→ **Instructions to follow**
Type out the lines below exactly, pictures excluded.

→ **Task input**
================================

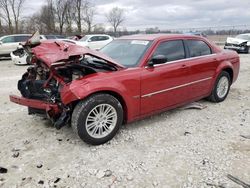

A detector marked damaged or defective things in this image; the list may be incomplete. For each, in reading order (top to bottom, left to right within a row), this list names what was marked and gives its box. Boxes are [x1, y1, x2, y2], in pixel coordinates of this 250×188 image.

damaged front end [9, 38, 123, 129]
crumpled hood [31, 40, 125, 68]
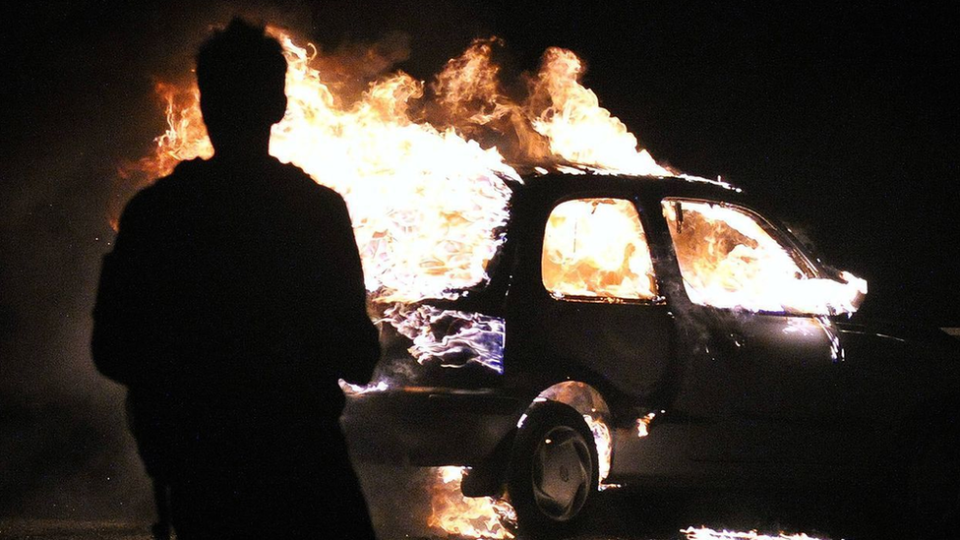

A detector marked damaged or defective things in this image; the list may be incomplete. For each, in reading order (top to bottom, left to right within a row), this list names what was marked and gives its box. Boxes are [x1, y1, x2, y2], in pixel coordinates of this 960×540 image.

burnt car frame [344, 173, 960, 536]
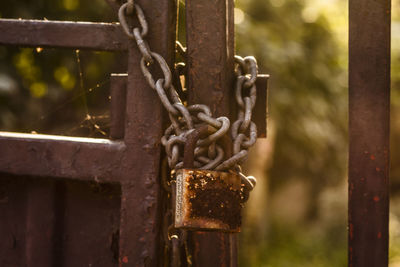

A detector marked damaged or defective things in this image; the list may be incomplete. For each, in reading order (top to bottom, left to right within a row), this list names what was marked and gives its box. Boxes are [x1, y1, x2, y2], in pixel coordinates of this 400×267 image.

================================

→ **Written reply**
A detector marked damaged or defective things in this image; the list may be incomplete. For each, in reading order (top to bottom, left to right within a row), this list names what was marked and gives its box. Boxes are [x1, y1, x2, y2], in pixel coordinates of this 250×188 image.

damaged front end [9, 38, 123, 129]
crumpled hood [31, 40, 125, 68]

A detector marked damaged or defective things in this image; the list may be incomplete. For each, in reading order (top to bottom, left to right within a row), this list names what was marked and gives its box. Boxes are [x1, y1, x2, y2], in pixel coordinates of this 960×540 image.

burnt car frame [344, 173, 960, 536]

A detector marked damaged or defective things in this image; the list may be incomplete. For each, in reading order (top to bottom, left to right within a row), this list names what was marked and gives its box. Boxes are [x1, y1, x2, y2], in pixel coordinates of this 400×267 image.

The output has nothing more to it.